* _THE PROBLEM_
The answer must consist of each line below that contains the word "Home", copied in full.

* _Caption-style text data_
______

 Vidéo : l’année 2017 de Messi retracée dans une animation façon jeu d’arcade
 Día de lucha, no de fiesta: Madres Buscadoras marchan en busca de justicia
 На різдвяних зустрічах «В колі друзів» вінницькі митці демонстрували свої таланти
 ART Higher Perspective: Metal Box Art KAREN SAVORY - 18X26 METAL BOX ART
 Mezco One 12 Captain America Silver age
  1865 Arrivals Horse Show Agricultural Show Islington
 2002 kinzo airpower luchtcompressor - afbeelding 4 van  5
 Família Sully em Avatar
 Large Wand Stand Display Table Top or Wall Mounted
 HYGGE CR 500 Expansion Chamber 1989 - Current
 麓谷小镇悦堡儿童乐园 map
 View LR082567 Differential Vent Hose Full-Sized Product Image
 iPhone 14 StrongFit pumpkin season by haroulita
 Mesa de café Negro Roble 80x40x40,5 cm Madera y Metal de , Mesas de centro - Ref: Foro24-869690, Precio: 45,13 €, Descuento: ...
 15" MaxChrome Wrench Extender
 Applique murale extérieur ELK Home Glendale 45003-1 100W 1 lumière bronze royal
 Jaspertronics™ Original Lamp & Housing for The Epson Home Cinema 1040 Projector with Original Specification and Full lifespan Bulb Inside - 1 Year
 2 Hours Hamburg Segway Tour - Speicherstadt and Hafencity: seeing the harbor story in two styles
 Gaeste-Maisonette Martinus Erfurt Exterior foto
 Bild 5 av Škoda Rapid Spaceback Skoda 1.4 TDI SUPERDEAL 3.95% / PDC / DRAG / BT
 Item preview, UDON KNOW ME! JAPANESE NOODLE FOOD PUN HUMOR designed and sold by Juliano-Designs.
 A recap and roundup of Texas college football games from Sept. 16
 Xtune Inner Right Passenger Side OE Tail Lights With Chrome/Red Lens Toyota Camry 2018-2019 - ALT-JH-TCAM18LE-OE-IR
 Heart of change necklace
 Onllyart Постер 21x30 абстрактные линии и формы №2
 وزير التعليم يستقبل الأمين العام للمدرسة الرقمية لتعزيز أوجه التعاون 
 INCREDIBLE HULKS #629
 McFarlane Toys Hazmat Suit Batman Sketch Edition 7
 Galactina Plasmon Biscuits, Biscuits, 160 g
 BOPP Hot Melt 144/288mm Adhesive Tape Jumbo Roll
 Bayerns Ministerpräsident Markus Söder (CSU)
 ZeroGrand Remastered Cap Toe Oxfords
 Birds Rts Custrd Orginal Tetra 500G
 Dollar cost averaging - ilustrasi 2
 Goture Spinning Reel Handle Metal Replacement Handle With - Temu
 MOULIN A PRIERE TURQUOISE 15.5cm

______

* _RESULT FOR THIS TASK_
 Applique murale extérieur ELK Home Glendale 45003-1 100W 1 lumière bronze royal
 Jaspertronics™ Original Lamp & Housing for The Epson Home Cinema 1040 Projector with Original Specification and Full lifespan Bulb Inside - 1 Year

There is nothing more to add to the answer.